Occasionally I spot the fruits of an art meme going around on social media, and it looks like just-too-much irresistible fun. That's what happened when I spotted some adorable renditions of "witchsonas" going around Twitter. I effectively jumped off the deep end for a morning drawing warmup, and... well... things got a bit... dark. It's barely a self portrait, yet she strangely bears a resemblance to me in the morning, before I've had my tea.
At nine years old, my assigned seat in the 4th grade classroom was near the bookcase, in a far corner. Being the studious type, I would often speed through any homework in class, and peer at the bookcase. One set of books, in particular, held my attention - each sporting a bizarre illustration with something that looked like a centaur-like-pegasus-like... thing on the cover. It was dark, baffling. Somehow, I had to read it. Very uncharacteristically of my quiet bookishness, I brazenly walked up to the teacher, and simply asked if we could read it in class. Imagine my surprise when, instead of being reprimanded, the teacher allowed it! During the reading, the rest of the children were confused, and often bored - but I was thrilled to my core.
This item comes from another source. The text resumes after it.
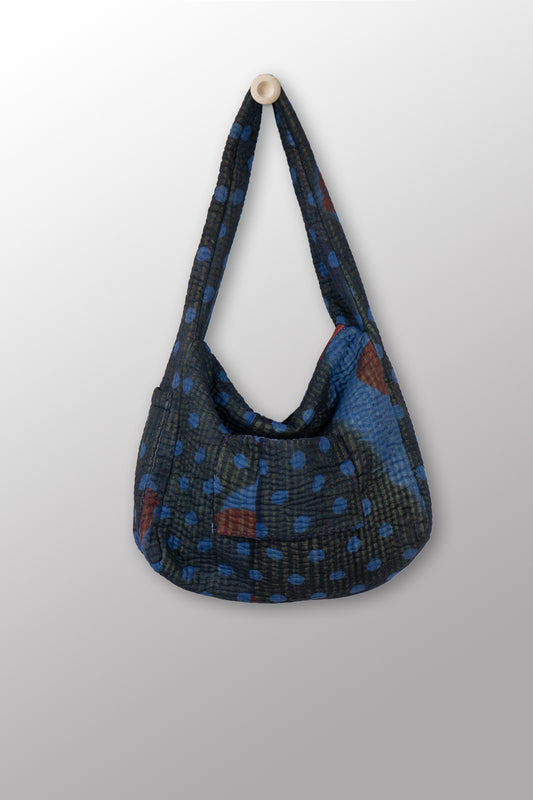 Quilted Overdye Cotton Kantha Oversized Hobo Bag - mm-oq5870-cblu003a -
The book was Madeleine L'Engle's Wrinkle in Time.
Inasmuch as you can be defined as a person when you're nine years old, Wrinkle in Time was a threshold into multiple paths for me - a lifelong interest in science, a love for reading, the soaring interconnectedness of its philosophy, and the odd comfort the story offered me (as a very Meg-like child) that "fitting in" at school doesn't matter a bit when you've got a universe to save. As a rule, I try and reread the first two books of the Time Quintet every year... yet somehow it feels far too hallowed a thing to try my hand at this most-fanly of fan art. Well, until now. I'm intending this to be the first in a series of pieces dedicated to books I've loved.
I scoped out many different compositions, each with the intention of being viewed as a book cover: the protagonists, fleeing or feeling the scope of the challenges in store. Many of the compositions featured a graphic tesseract icon, which eventually I dropped purely because this amazing piece solved that problem so effectively.
I wanted to embroil the children in something larger than themselves, as they were in the story - not merely to show them fleeing from some undrawable "baddie." The antagonist that Meg, Charles Wallace, and Calvin face is depicted simplistically in the tale (simply referred to as "The Black Thing") but it collectively refers to anything springing from the worst aspects of ourselves: our fear, our hatred. The Black Thing is in us, in the children. It sings its own song. It caresses.
Above, in the stars, hover the shape-shifting, time-bending entities known as the Mrs. W's (Whatsit, Who, Which). Although they twine tendrils down among the children, they're held at a distance, fundamentally removed. Etched in starlight, they watch protectively, but leave the children to face their challenges alone. They're lit with starlight, bannered by hints at their angelic nature.
This piece was finished over a longer period than planned, (a spat of winter illness slowed me down) but I'm fairly pleased with the results. I'd like to revisit the kids' faces, some of the shapes, and perhaps work the graphic tesseract idea back in. While on some level I don't think I'll ever truly capture the joy of discovering L'Engle's classic for the first time with a pencil and paint, it feels just plain good to produce work dedicated to a story that I love. I'm certainly looking forward to more!